Passover/Easter (was: Italogallic in Zera,and other
From: | John Cowan <cowan@...> |
Date: | Friday, April 28, 2000, 19:33 |
yl-ruil scripsit:
> > I must track the passage down. The goddess is vanishing before my very
> eyes.
>
> Please don't be sarcastic, I get enough of this constant badgering to
> validate my beliefs at uni. I _won't_ retort with my argument that Jesus
> Christ, only begotten son of the LORD God was actually a pagan himself.

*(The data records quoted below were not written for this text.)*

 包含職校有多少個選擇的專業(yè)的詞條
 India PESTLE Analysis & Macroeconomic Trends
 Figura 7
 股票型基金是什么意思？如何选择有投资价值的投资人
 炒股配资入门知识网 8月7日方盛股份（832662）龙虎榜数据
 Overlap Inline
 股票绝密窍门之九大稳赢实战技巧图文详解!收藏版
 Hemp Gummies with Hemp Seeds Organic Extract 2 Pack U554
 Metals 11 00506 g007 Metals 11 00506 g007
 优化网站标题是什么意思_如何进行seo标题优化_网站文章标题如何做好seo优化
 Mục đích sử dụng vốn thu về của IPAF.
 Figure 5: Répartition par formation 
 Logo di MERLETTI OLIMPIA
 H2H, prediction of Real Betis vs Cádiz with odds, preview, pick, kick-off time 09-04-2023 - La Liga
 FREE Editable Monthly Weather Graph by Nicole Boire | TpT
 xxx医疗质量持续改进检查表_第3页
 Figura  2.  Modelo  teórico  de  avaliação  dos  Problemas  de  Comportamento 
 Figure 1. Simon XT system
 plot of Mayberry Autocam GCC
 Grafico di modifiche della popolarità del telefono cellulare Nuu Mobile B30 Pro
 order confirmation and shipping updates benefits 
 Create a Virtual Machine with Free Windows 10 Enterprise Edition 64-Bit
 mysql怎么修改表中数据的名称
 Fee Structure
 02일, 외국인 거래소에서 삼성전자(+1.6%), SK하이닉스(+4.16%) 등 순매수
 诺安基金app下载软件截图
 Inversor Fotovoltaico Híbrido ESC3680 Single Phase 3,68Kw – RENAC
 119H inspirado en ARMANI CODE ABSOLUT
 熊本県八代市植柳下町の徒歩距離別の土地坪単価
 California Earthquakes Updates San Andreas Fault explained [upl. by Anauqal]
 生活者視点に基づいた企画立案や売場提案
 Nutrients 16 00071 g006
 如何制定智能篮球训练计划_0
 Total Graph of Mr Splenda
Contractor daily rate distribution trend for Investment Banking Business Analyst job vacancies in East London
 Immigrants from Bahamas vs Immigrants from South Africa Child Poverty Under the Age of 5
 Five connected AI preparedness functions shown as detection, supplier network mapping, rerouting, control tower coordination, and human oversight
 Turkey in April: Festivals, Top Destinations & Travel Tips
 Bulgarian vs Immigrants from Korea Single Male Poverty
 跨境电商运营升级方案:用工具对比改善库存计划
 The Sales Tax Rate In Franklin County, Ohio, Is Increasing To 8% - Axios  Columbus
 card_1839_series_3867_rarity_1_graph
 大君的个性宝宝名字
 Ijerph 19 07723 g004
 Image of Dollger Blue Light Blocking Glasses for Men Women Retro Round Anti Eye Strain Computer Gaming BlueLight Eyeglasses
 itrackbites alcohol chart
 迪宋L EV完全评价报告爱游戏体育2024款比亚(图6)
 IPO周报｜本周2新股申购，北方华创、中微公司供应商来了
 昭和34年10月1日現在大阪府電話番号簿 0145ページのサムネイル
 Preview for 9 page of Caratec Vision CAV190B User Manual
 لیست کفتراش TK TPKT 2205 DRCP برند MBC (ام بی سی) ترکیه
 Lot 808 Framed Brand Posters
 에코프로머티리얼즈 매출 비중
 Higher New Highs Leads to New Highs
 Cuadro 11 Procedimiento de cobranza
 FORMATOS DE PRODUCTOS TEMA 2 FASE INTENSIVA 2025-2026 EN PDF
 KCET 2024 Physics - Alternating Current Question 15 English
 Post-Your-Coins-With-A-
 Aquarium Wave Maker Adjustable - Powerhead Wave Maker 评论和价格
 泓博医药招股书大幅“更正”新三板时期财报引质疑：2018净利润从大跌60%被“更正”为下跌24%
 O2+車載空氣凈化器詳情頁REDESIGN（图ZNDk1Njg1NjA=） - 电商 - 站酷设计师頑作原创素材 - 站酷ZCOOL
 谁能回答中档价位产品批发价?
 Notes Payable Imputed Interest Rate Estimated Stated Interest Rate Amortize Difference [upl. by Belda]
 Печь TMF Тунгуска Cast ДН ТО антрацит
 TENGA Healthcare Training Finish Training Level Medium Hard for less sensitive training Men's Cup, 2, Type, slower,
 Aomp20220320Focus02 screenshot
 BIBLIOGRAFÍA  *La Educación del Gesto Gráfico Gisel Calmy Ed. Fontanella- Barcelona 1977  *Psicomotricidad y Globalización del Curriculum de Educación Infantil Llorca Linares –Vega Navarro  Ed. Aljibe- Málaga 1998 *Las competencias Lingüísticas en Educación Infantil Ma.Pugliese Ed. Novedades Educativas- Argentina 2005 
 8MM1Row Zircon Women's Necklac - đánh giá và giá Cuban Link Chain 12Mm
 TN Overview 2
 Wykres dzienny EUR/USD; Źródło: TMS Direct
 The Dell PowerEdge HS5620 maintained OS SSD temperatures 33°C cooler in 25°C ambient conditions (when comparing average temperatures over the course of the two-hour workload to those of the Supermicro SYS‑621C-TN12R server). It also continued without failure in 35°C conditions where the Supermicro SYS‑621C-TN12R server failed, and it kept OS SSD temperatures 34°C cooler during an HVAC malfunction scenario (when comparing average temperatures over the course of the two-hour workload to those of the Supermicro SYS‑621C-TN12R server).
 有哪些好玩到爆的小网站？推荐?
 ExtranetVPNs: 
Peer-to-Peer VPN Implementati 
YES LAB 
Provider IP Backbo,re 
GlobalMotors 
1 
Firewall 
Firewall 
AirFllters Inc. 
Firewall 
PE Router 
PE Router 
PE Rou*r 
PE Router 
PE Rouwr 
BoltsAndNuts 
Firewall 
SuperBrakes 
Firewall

Why
> not leave us rather inoffensive bunch alone and get back to
> interdenominational wrangling?
(I find it inconceivable that Ray Brown would be sarcastic about anybody's
religion, and I think you must have misunderstood him.)
Anyway, here it is:
"Eostermonath, qui nunc pascalis mensis interpretur, quondam a dea
illorum quae Eostre vocabatur et cui in illo festa celebrabant nomen
habuit."
All net.sources, whether pagan, orthodox Christian, or Judaising
Christian (and almost all of them violently tendentious),
seem to agree that this is all we hear about Eostre from
any source, except that there are surviving placenames in Germany
that probably (according to Grimm) reflect the same entity.
What is clear, though, is that Bede identifies Easter-month with
the Roman April, which pretty much eliminates any notion of the
vernal equinox.
(Which of course does not mean that religions are not free to change
their ritual calendars to fit the changing times and the increase of
knowledge: all religions that have calendars at all, AFAIK, have done so.)